Task details: From the listing below, reproduce exactly the lines starting with the one with "Vilem Flusser Dinge Und Undinge 1 PDF" and going on through the one with "SALE ORGANIC ROSE", both ends kept. No picture is copied.
[Task material]
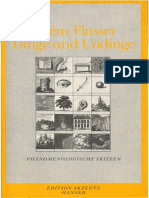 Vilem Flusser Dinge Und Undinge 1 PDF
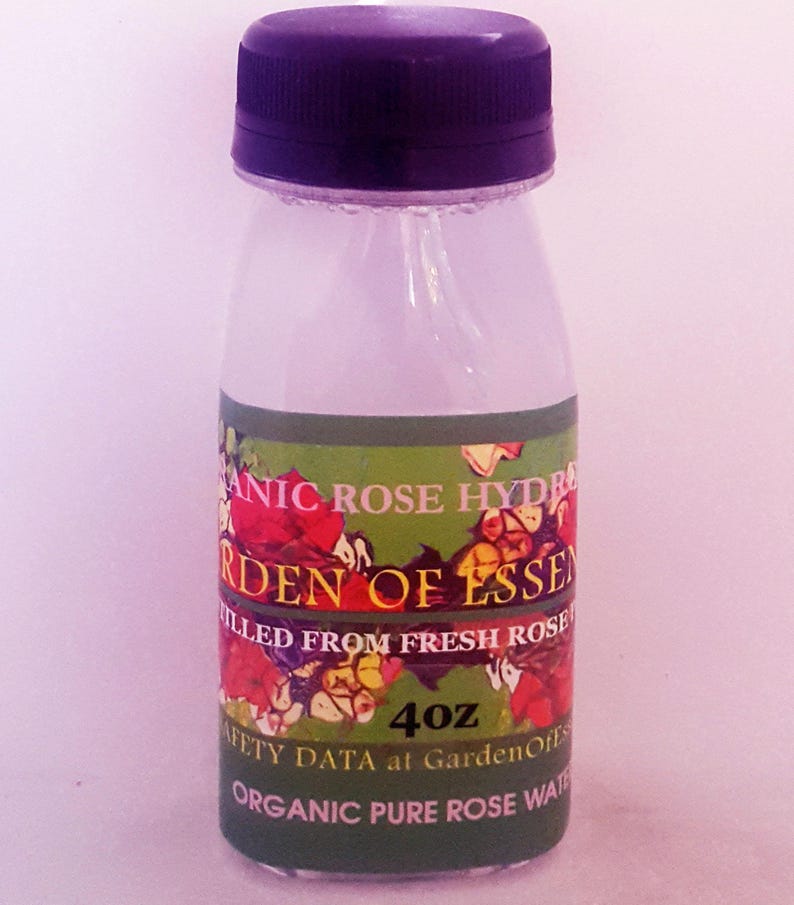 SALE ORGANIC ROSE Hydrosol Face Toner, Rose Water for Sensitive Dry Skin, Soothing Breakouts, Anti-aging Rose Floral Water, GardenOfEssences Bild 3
[/Task material]
[Task material]
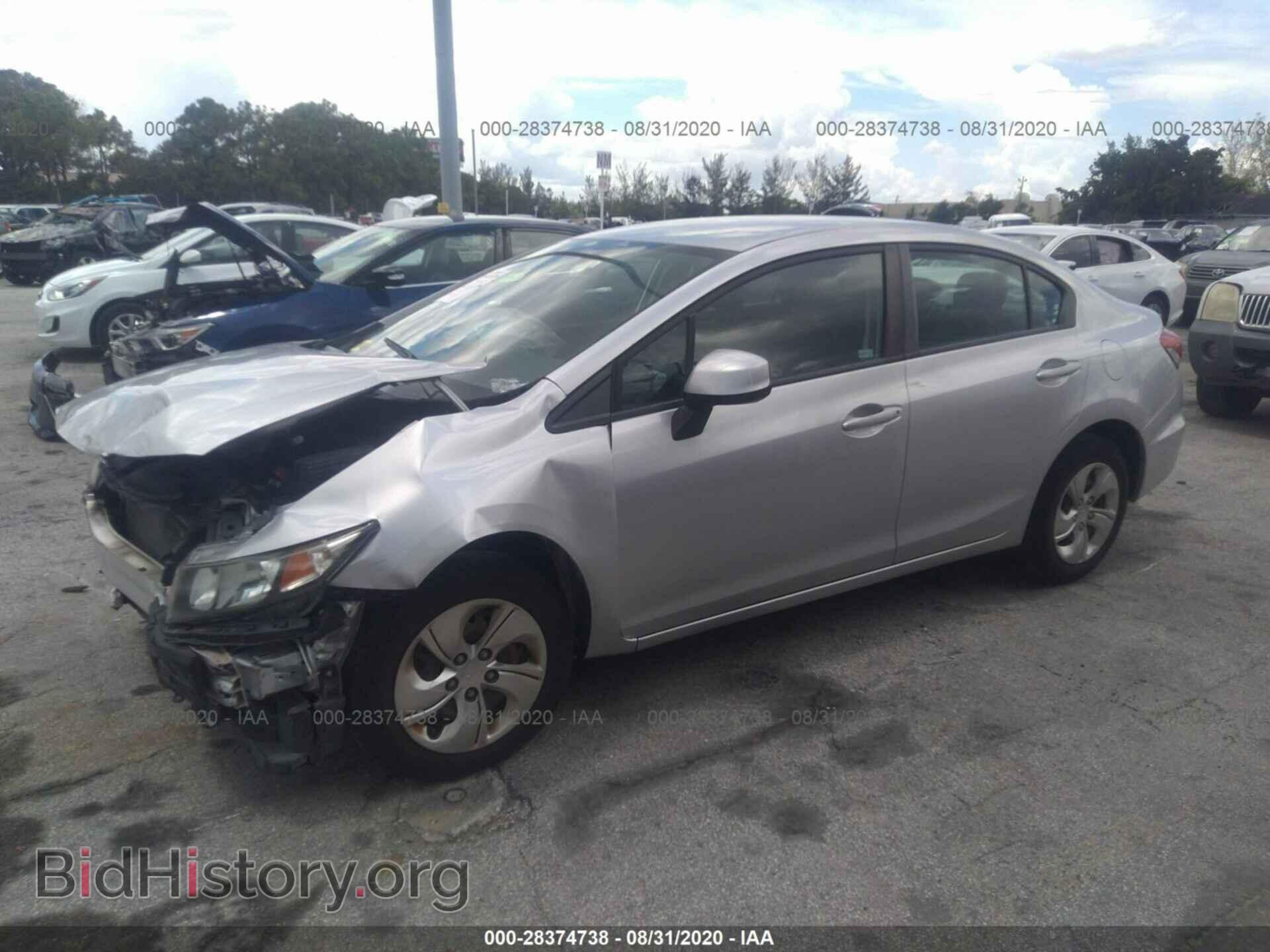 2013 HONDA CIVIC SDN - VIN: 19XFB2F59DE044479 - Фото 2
[/Task material]
Written response:
 Vilem Flusser Dinge Und Undinge 1 PDF
 SALE ORGANIC ROSE Hydrosol Face Toner, Rose Water for Sensitive Dry Skin, Soothing Breakouts, Anti-aging Rose Floral Water, GardenOfEssences Bild 3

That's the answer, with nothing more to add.